The AIDS Crisis: A Documentary History

The AIDS Crisis: A Documentary History

Synopsis

AIDS has grown in just two decades from a rare disease to one that has already killed millions of men, women, and children worldwide. To help high school and college students understand the history and current status of AIDS as a social, political, psychological, public health, and cultural phenomenon, this documentary history provides 228 short and highly readable selections from primary and secondary sources of information about AIDS and HIV. Its scope covers the entire history of the epidemic from its beginnings to early 1997. The documents, many of which cannot easily be found elsewhere, will help the reader to understand and debate the many perspectives and points of view on this controversial topic.

Excerpt

Imagine a disease that was usually fatal and could spread each and every time two people have sex.
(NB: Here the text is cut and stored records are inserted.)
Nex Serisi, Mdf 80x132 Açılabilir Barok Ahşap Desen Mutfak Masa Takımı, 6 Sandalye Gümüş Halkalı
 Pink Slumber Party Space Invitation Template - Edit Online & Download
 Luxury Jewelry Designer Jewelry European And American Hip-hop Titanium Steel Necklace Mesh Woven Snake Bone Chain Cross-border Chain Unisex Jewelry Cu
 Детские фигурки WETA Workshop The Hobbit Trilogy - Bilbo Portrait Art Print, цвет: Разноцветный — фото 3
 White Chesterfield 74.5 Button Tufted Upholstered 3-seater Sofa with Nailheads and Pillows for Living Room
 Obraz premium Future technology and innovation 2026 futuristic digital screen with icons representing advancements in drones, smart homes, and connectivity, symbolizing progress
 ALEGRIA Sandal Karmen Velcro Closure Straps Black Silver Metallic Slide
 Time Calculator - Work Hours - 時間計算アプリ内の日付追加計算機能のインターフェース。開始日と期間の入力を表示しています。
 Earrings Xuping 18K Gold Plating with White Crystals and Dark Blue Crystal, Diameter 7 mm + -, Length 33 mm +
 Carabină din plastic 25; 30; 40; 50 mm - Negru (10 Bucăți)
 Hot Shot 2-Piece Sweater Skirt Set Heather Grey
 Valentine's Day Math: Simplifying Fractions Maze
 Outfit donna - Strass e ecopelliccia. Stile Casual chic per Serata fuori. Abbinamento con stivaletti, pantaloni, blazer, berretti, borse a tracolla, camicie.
Now imagine that that disease progressed so slowly that it took an average of ten years from the time of infection until the infected person’s death, sometimes as much as twenty years. Let’s also imagine that the disease was caused by a virus so small, a mere 130 millionth of a millimeter in diameter, that if it was magnified several times, it still could not be seen with the naked eye. And what if the disease affected mostly people in the prime of their lives, rather than at the end of their years? And what if the disease produced hideous symptoms like purplish blotches on the skin, extreme fatigue, and severe weight loss? And imagine that disease was new and spreading around the world at an alarming rate, infecting tens of millions of people.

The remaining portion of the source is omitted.